**Requirement:**
Give the records back exactly as written, but without the images.

**Provided entries:**

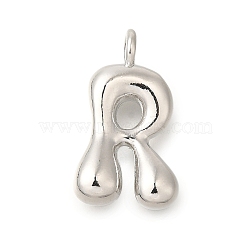 Rack Plating Brass Pendants, Cadmium Free & Lead Free, Letter A~Z Charms, Letter R, 23.5x13.5x5.5mm, Hole: 3.5mm(KK-I722-01P-R)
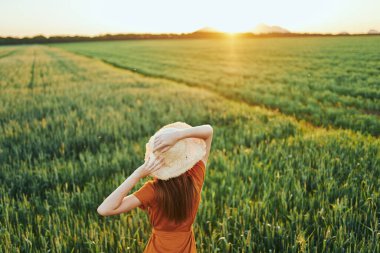 Gün batımında buğday tarlasında poz veren genç kadın.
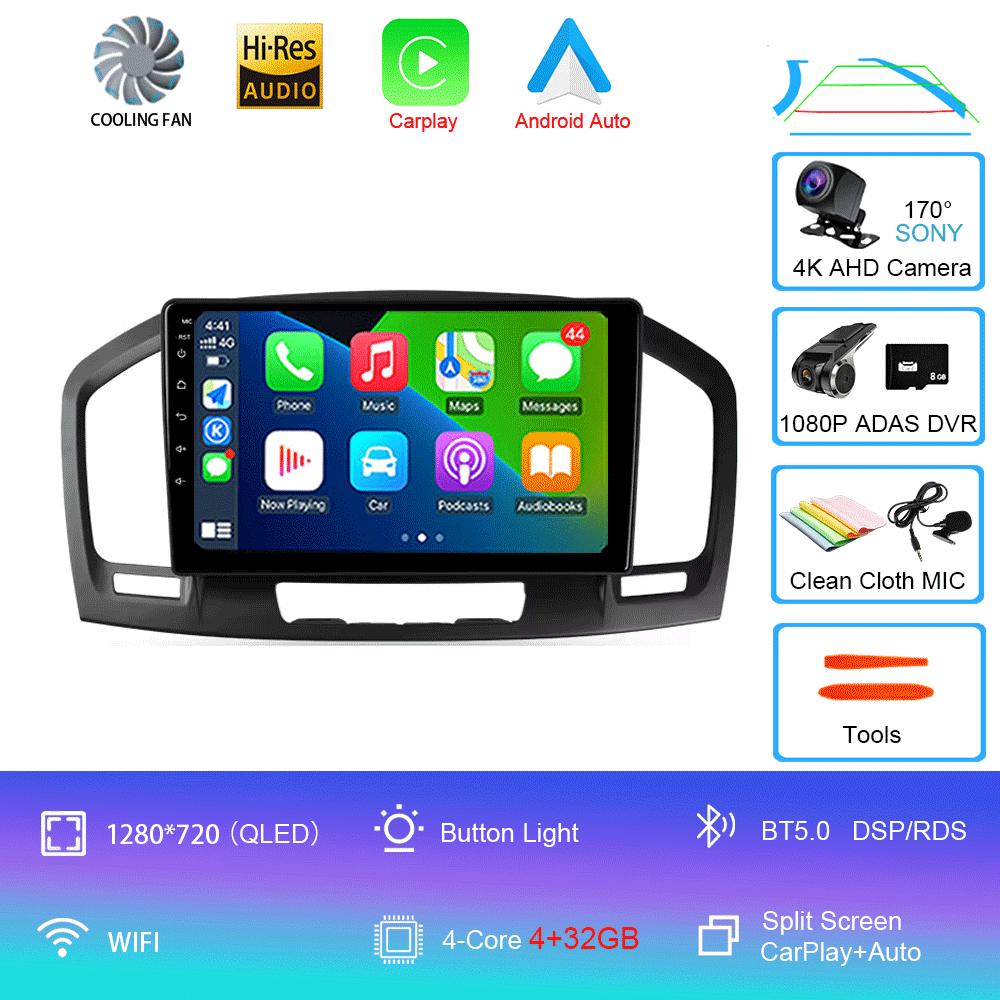 Car Radio Android 14 Carplay WIFI+4G For Buick Regal Opel Insignia 2009 2010 2011 2012 2013 Multimidia Player GPS Navi Stereo BT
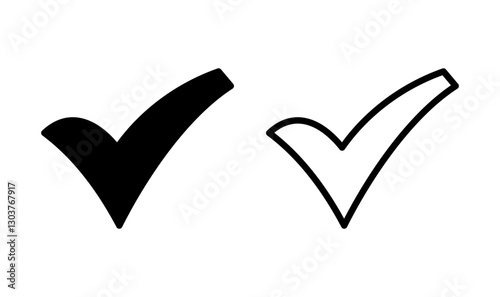 Check mark icon logo design. Tick mark sign and symbol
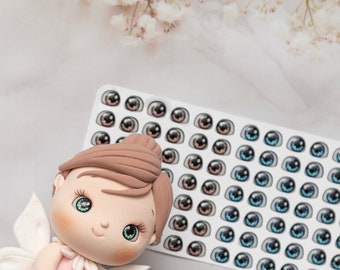 Adhesive Resin Eyes - V380 63 pairs - for Cold Porcelain, Clay, Foam, Paper, and Felt. 3D eyes adhesive stickers supplies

**Task result:**
 Rack Plating Brass Pendants, Cadmium Free & Lead Free, Letter A~Z Charms, Letter R, 23.5x13.5x5.5mm, Hole: 3.5mm(KK-I722-01P-R)
 Gün batımında buğday tarlasında poz veren genç kadın.
 Car Radio Android 14 Carplay WIFI+4G For Buick Regal Opel Insignia 2009 2010 2011 2012 2013 Multimidia Player GPS Navi Stereo BT
 Check mark icon logo design. Tick mark sign and symbol
 Adhesive Resin Eyes - V380 63 pairs - for Cold Porcelain, Clay, Foam, Paper, and Felt. 3D eyes adhesive stickers supplies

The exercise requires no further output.